Does Inline restrict the function/method to the scope of its current source file?

Say I have something the following in my program,

// namespaceB.h
#include "namespaceA.h"
namespace B {
class Tree {
    public:
    Tree *prev;
    Tree *next;
    Tree *down;
    A::Kind kind;

    Tree();
    ~Tree();
};
}
// end of namespaceB.h
// Implementation details of the class are placed in namespaceB.cc
// Constructor / Desctructor defined in the namespaceB.cc file!
// Something like this,
#include "namespaceB.h"
namespace B {
inline Tree::Tree() { ... }
inline Tree::~Tree() { ... }
}

My question is that does inlining the ctor/dtor restrict their uses to within the current source file?

I thought inlining is just a way to improve efficiency?

What if Tree has a memeber method like

Tree& Tree::operator+(Tree const& rhs);

defined in header file, and in the source file

inline Tree& Tree::operator+(Tree const& rhs) { ... }

I played with that a bit, and it seems "inline" here also restricts Tree::operator+(...) to the scope of that source file

which means this will fail:

#include "namespaceB.h"
int main() {
B::Tree tree;    // Fail to link
return 0;    
}

As shown here: Cannot create an instance of a class from another namespace?

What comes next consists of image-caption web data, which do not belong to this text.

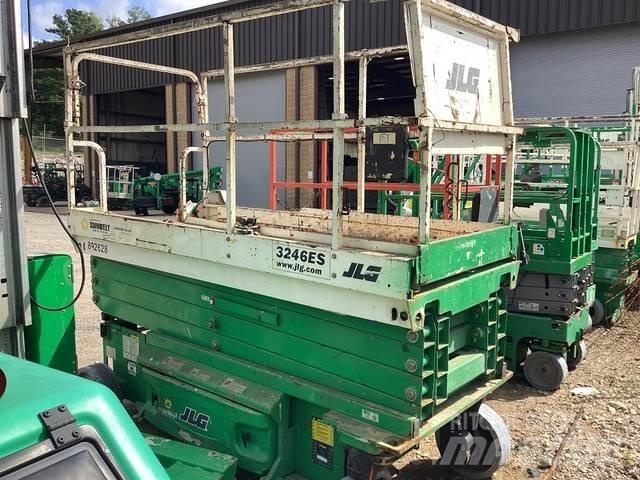JLG 3246ES Saksilavat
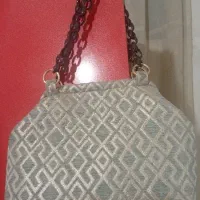 کیف شانی ۶۵۰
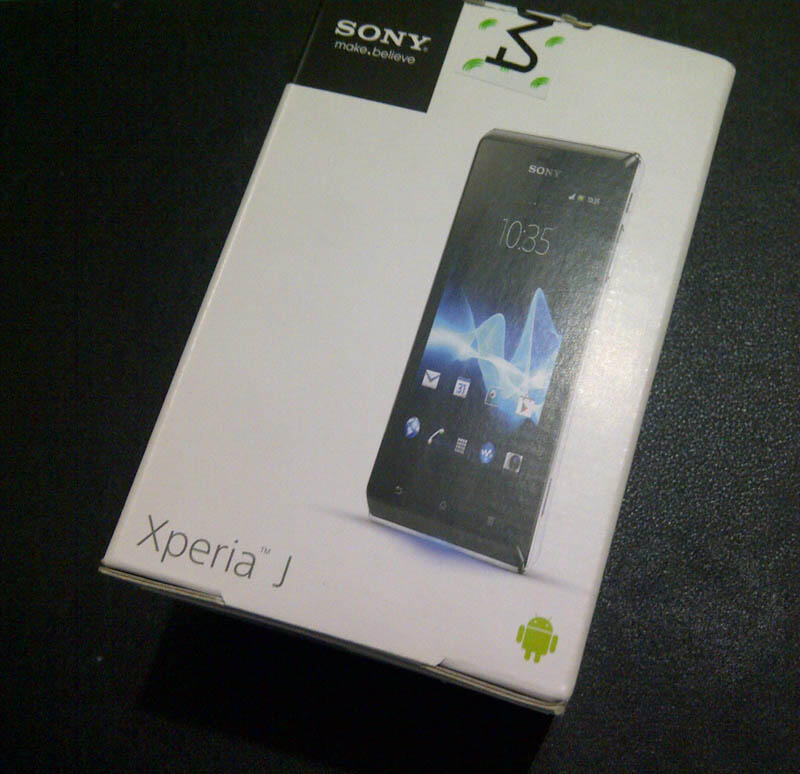SONY XPERIA J WHITE 99.9% MULUS! baru pake 2bulan lbh, FULLSET+AKSESORIS, TAM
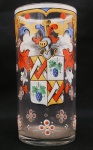 IMPERIO AUSTRO HUNGARO - RICO GOBLET EM CRISTAL DA BOHEMIA DECORADADO COM ESMALTES FORMANDO BRASÃO ARMORIAL DA FAMÍLIA ITALIANA CAMPELO,  ESCUDO ESQUARTELADO COM DOIS CACHOS DE UVA E CHEVRONS ENTRELAÇADOS. BOHEMIA. SEC. XIX. 13 CM DE ALTURA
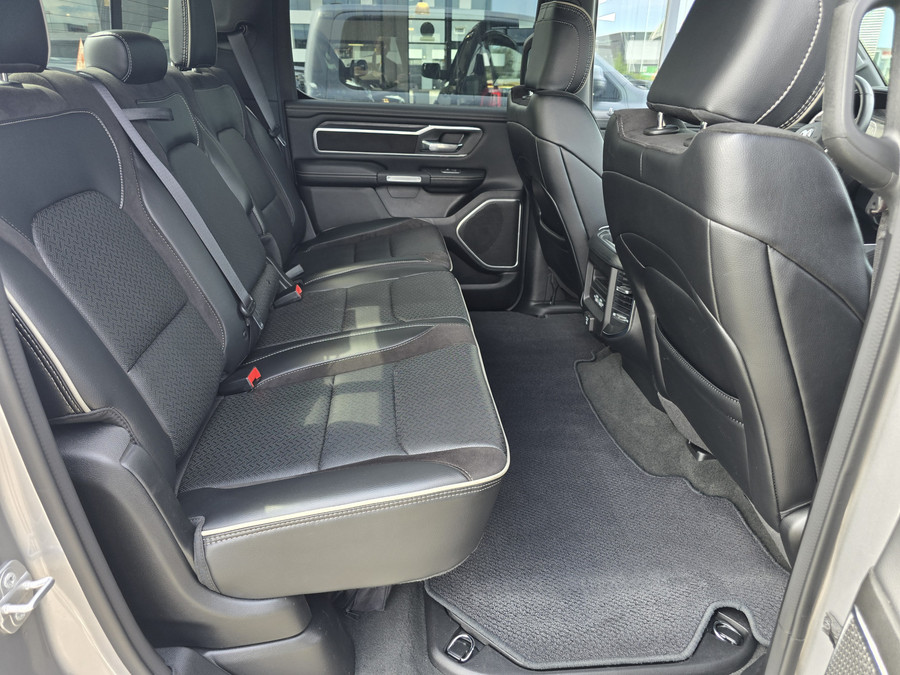 Dodge RAM 1500 5.7 V8 4x4 Crew Cab Laramie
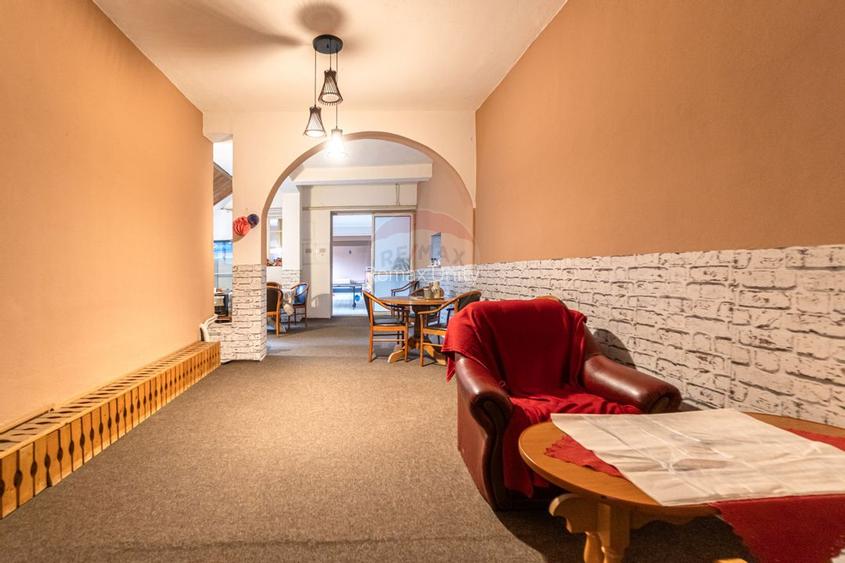 Casă / Vilă cu 20 camere de vânzare în Timisu de Jos, DN1, Brasov - 47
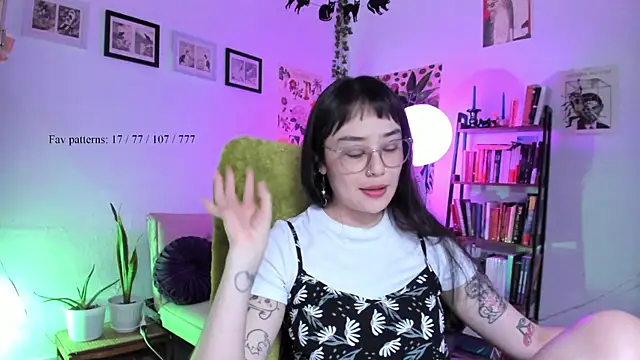 _Insomnia__'s Live XXX Chat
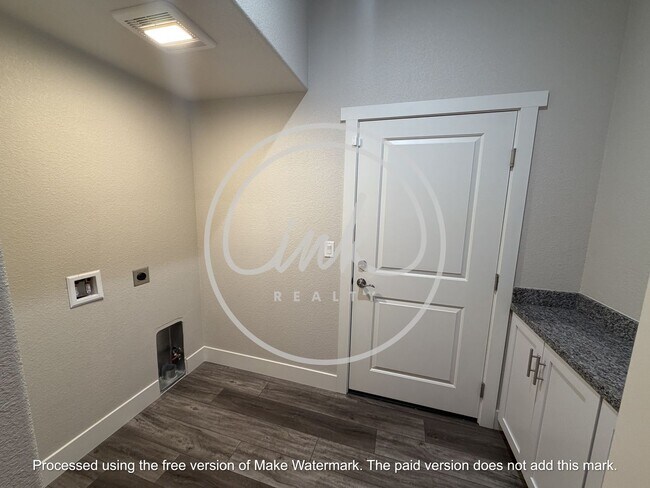 Building Photo - 439 Dubois Ln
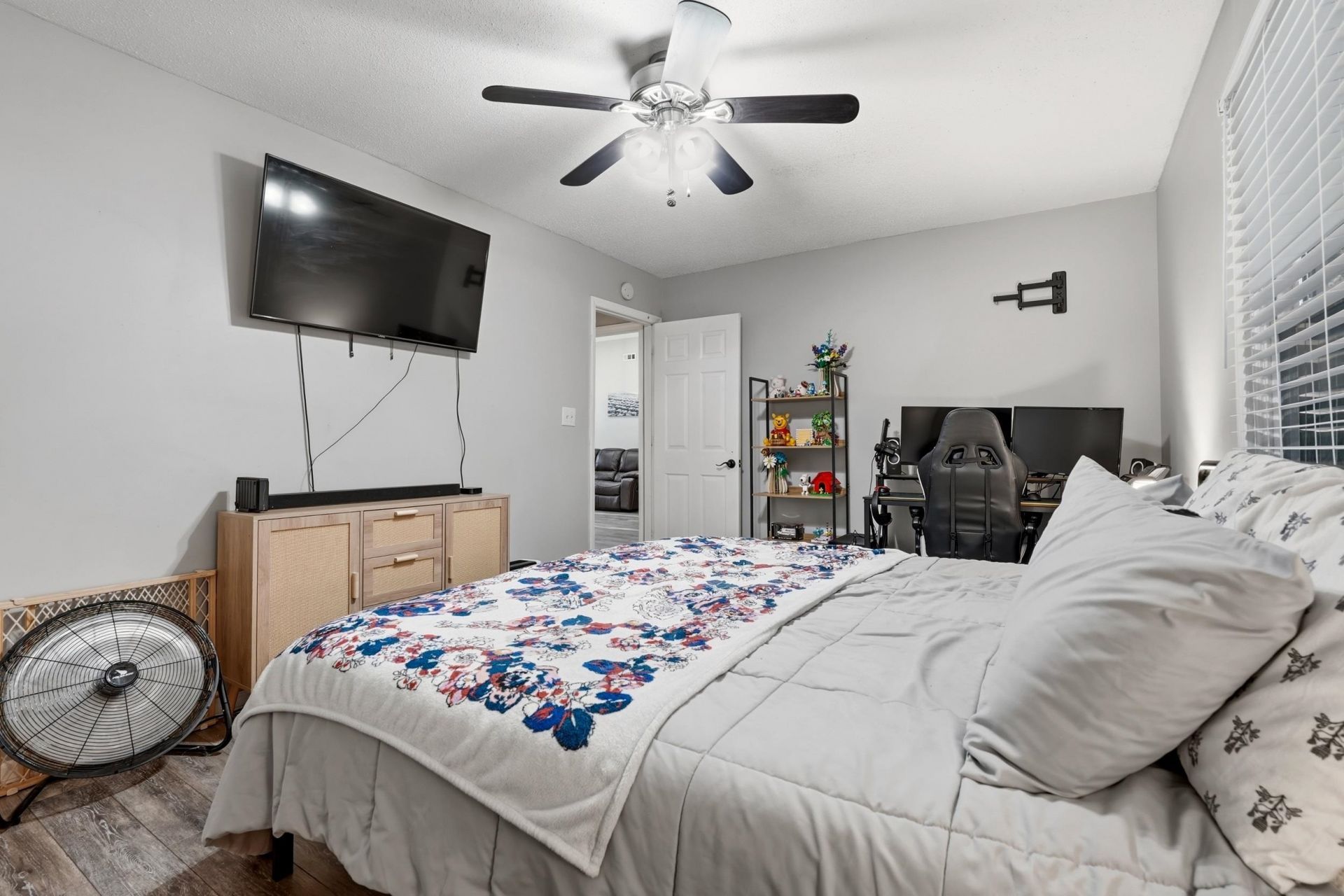 173 Brookgate Dr. Photo 24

After I removed "inline" from ctor/dtor of class Tree, everything compiled and linked perfectly.

Can someone please explain what exactly inline does?

Thanks,

Upvotes: 1

Views: 300

Answers (1)

JoeG
JoeG

Reputation: 13192

If you mark a function as inline, you must include it in every source file from which it is used.

The C++11 standard has this to say:

7.1.2/4: "An inline function shall be defined in every translation unit in which it is odr-used and shall have exactly the same definition in every case."